President Barack Obama and British Prime Minister David Cameron talk at the start of the plenary session at the G20 Summit in Brisbane, Australia, on November 15, 2014.

President Barack Obama and British Prime Minister David Cameron talk at the start of the plenary session at the G20 Summit in Brisbane, Australia, on November 15, 2014. Kevin Lamarque/AP

US, Britain Mull Cross-Border Cyber Defense

The two countries will consider responses to situations where one attack involves multiple countries inadvertently hosting malicious hacking. By Aliya Sternstein

President Barack Obama and British Prime Minister David Cameron are meeting this week in Washington to discuss the two nations' response to the growing threat of cyberattacks.

The two leaders are expected to discuss, in particular, the problem of adversaries hijacking computers in Britain to unleash cyber assaults on America, and vice versa, according to a security firm involved in the talks. 

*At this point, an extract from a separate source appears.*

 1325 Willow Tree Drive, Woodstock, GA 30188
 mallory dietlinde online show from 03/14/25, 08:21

In a realm without physical boundaries, it’s all too easy for hackers to hop around and fake out authorities.

A recent case in point: Computers engaged in the Sony hack allegedly operated out of New York, Thailand, Poland, Italy, Bolivia, Singapore and Cyprus, according toThe Associated Press. The attackers -- who the FBI claims are North Korean -- also published some company files using an anonymous email service in France.

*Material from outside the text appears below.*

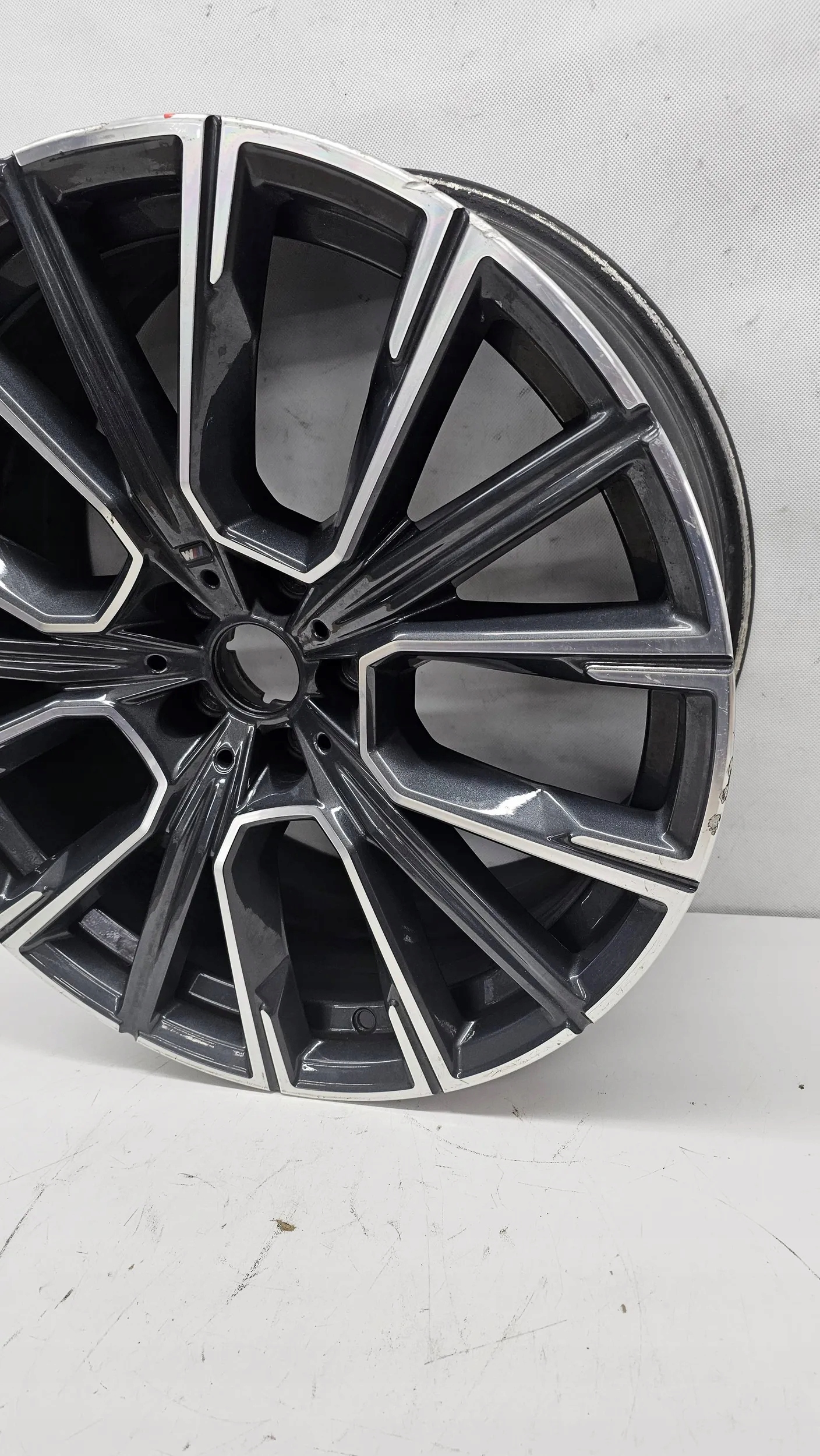 BMW 7 G11 G12 FELGA ALUMINIOWA 20 Rozstaw śrub inny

"These attacks cross country borders," said Nicole Eagan, head of U.K.-based firm Darktrace, who will brief Cameron in Washington, D.C., before he heads into the Oval Office on Friday. The defense tactic "really has to be more governments and companies working together because of the nature of these truly global threats."

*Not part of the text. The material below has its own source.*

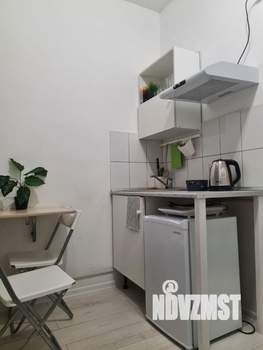 1-к квартира, посуточно, 12м2, 1/1 этаж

Darktrace, with a staff roster comprising former National Security Agency, GCHQ and MI5 analysts, uses technology that combines probability and artificial intelligence to predict the next moves of attackers. The system, borne out the University of Cambridge, basically detects hacks before they've happened.

This capability can be helpful in pinpointing the assailant’s potential attack route and end target.

"Let's say you have an adversary that is coming out of the Middle East. They are probably going to utilize infrastructure that partly is based in an Amazon cloud in Europe, maybe then utilize some hop points for command and control that are in the U.S.,” said Jasper Graham, a veteran NSA technical director and now a senior vice president at Darktrace, giving an example of a possible threat vector. "The victim might be the U.S., but they are going to utilize a whole bunch of international infrastructure in order to execute their attacks."  

Obama and Cameron are scheduled to discuss a variety other topics over dinner Thursday, followed by a White House meeting Friday, administration officials said in a statement. They declined to comment further.   

Sticky Subject of Encryption

Another reason the two countries want to align cyber policies is so they can close regulatory loopholes. Lax security rules in one nation can aid an adversary mired by tougher rules in a target country, Jasper explained. 

The men likely will discuss ways of cooperating in situations where “you have one attack but you have multiple countries involved with the hosting” of the malicious activity, he said.

“How do we quickly exchange the [threat] indicators amongst the government agencies so that they can track down those responsible in a timely manner?” Jasper said.

A common hacker practice is to breach a small mom-and-pop shop in one portion of the world and use that store’s compromised system "as a staging point to attack something much bigger in another part of the world," Jasper said. "It becomes really hard for them to trace back who is responsible."

The conversation between the two Western leaders will cap a week of White House activity related to cyberspace. Obama proposed legislation that would, among other things, require companies to notify data breach victims within 30 days and to share metadata from customer and business communications that could signal a cyber threat. The legislative agenda is the administration's response to a year of high-profile intrusions at Target, JPMorgan, Sony and other companies. And the strategy is expected to be a focus of next week's State of the Union address. 

But there is tension between civil liberties advocates and the two countries with a "special relationship" over the matter of allowing government eyes into people's private correspondence. To guard against what critics see as surveillance overreach, some citizens now are "encrypting" their communications with secret codes that render them interception-proof. 

In response, the FBI and now Cameron are urging technology companies to build "backdoors" in apps and mobile devices through which law enforcement officials can enter to retrieve data. 

The prime minister reportedly pledged to ban the likes of Facebook’s WhatsApp, Apple's iPhone and other encryption tools, as a means of collecting more intelligence on suspected terrorists following the Paris shootings.  

FBI Director James Comey last fall said: "If the challenges of real-time data interception threaten to leave us in the dark, encryption threatens to lead us all to a very, very dark place. I am a huge believer in the rule of law, but I also believe that no one in this country should be beyond the law. There should be no law-free zones in this country."

The American Civil Liberties Union maintains that encryption does not have to interfere with catching terrorists or cyber crooks. 

The nation should concentrate on “encouraging companies to adopt basic security best practices, like two-factor authentication and encryption, to prevent hacks. This would be more effective, and less invasive, than expanding surveillance authorities or creating exemptions to existing privacy law," ACLU legislative counsel Gabe Rottman said Tuesday in a blog post.